Boston Lighthouse, established in 1716 on Little Brewster Island, was the first North American lighthouse. The colonial lighthouses followed the European pattern of establishing nautical aids around important commercial centers.

Early American Buoys

Buoys were rarely used in the American colonies. The only exceptions were the cask buoys in the Delaware River, recorded in 1767; and the spar buoys in Boston Harbor, recorded as early as 1780.

Spar buoys, made of long cedar or juniper poles, and cask buoys were the predominant buoys in U.S. coastal waters until the 1840s.

Stephen Pleasanton

After the war of independence, the new federal government funded lighthouses and buoys. On August 7, 1789, the First Congress passed an act for the establishment and support of lighthouses, beacons, buoys, and public piers and other nautical aids. It placed their upkeep under the Department of the Treasury in general, and specifically the Fifth Auditor of the Treasury, Stephen Pleasanton.

Stephen Pleasanton raised funds for the maintenance of nautical aids by levying light fees on ships entering U.S. ports. This practice stopped in 1801 when Congress began funding nautical aids directly.

Standardization of Buoys

The United States did not have a standard system of buoyage until 1848. Colors, shapes, and sizes varied from port to port. Contractors had free reign to decide the types of buoys necessary for a given area or harbor.

The lack of standardization caused problems for coastal pilots. When asked to comment on buoyage to Congress in 1850, they complained bitterly. Their most common complaint was that the buoys were so small, that to see them they had to run them down.

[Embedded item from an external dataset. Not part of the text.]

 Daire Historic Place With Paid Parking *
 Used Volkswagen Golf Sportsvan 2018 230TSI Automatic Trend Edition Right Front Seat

Buoys were tended privately by contractors who relied on small boats (tenders) with limited lifting capability and sailing vessels with such limited maneuverability as to render the accurate placement of buoys impossible. Small tenders meant small buoys that were of little use to local pilots, who relied on landmarks to establish their positions. Small buoys were particularly hazardous to inexperienced or unfamiliar mariners.

The Lateral System

By 1846, Secretary of the Treasury Robert Walker admitted that buoys placed by local authorities under loose regulations, coupled with the lack of standardized colors and numbers, were practically useless. Congress, sensitive to complaints about the ATON system, began taking steps to correct the problems in 1848. It adopted the Lateral System for implementation nationwide. It is from the Lateral System that the familiar "right, red, return" has its origin.